The Third Republic (1870-1914) was an era of peace in France. In 1884, people were looking forward to the Universal Exposition (World’s Fair) of 1889, celebrating the centennial of the beginning of the French Revolution. The public adored Victor Hugo, and when he died, one year after this bust was made, he was buried in the Pantheon in Paris, near the tombs of Voltaire and Rousseau.
Romanticism was a movement that began near the end of the 18th century and had its strongest impact in the 19th century. The image sometimes told a familiar story from literature, and the word "romantic" derives from the word "roman" in French, meaning "novel" in English, a literary work of fiction. In romantic sculpture, artists sought to engage the viewer’s emotions with dramatic effects of facial expression and movement.
Auguste Rodin (1840-1917) was born in Paris to a family of low social status.
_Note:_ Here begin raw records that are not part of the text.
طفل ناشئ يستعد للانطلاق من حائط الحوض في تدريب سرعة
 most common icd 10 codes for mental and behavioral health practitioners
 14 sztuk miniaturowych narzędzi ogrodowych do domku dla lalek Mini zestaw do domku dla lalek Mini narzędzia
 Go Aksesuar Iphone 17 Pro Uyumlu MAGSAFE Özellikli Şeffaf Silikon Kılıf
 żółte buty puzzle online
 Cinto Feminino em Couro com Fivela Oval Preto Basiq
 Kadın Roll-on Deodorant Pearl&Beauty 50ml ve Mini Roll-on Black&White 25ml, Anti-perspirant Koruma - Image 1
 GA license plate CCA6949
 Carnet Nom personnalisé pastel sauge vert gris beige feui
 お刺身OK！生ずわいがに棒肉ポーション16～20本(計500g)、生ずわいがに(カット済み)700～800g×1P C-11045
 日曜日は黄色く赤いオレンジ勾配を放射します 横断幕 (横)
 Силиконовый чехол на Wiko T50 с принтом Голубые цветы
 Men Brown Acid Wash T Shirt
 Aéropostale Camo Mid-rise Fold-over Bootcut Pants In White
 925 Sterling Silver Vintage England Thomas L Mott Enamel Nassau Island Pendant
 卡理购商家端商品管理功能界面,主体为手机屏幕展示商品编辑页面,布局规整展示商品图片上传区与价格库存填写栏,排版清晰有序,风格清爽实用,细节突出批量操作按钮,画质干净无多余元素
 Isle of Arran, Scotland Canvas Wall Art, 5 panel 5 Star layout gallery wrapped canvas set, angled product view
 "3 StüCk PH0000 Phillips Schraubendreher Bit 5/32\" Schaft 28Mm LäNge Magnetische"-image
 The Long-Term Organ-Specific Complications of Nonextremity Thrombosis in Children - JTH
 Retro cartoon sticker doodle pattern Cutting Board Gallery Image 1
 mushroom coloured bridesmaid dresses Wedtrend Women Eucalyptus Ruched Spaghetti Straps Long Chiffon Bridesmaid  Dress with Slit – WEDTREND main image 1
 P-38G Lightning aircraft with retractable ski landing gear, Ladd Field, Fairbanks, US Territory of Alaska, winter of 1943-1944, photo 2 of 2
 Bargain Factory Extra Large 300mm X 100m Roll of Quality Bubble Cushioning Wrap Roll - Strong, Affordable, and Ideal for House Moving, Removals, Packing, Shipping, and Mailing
He was admitted to the School of Decorative Arts, and he studied sculpture with Antoine-Louis Barye. He did not have success at the beginning of his career, because his sculpture contradicted the rules of classicism by incorporating intense emotion and eroticism. Later, however, he became the most famous French sculptor in the world. He often made several versions of his sculptures in different sizes. His best-known works are The Thinker (1882) and The Kiss (1886).